Wednesday, July 15, 2009

Falling in Love


















A triumvirate, a holy trinity of truly juicy apricots surprised me on the street: such smoothness, such freshness to be sitting upon a container for the rotten and forgotten. I imagined picking one up, my fingers instinctively searching for a sore or bruise—but there were none. The grove of fragile white hairs circumnavigated, uninterrupted, around the face of the fruit.

I felt warm liquid flow inside of my cheeks. This saliva of anticipation is not the same viscous bubbly spit used to swallow a pill. This is clear. This is the unique warmth that prepares my mouth, my entire body, for something juicy and sweet...and extraordinary.

In my mind, I touched the apricot to my open mouth. The gentle fur teased the grooves on my lips. My front teeth searched for the natural crevasse between the two hemispheres of the fruit.

I pierced the skin.

The engorged orange-pink flesh leaked nectar and pulp into my lips. My tongue and teeth worked to skin the mound of pure apricot flesh from its peel. I swallowed the pieces. My throat made the sound like I was gulping water. My throat moved more smoothly than when it is swallowing jell-o.

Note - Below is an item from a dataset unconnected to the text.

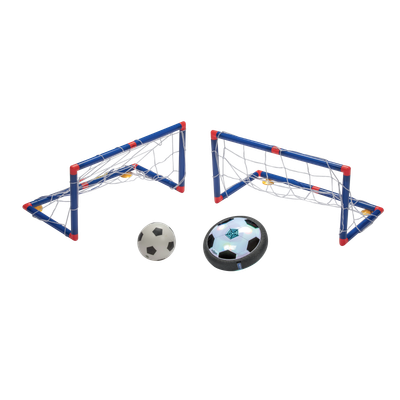 Aerofoot et cage de foot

I examined the hole my teeth left behind. The blood of the apricot osmotically clotted its wound, like water filling a hole dug in shoreline sand. I sipped the excess juice from the divot and cherished the sound and the flavor. I loved it.

But I awoke to the smell of the trash. Garbage is composed of seemingly random parts, but the smell is always predictable. Maybe there is a waxy-paper wrapper with scalene triangles of melted cheese. Perhaps there is a clear, plastic cup with half a shot of melted ice at the bottom. And maybe, just maybe, there is some rotting fruit: delectable flesh decaying from its state of perfection.

The perfect summer apricot, waiting for me on the street, stays perfect only in anticipation. And with that, I penitently smiled, leaving the trio intact.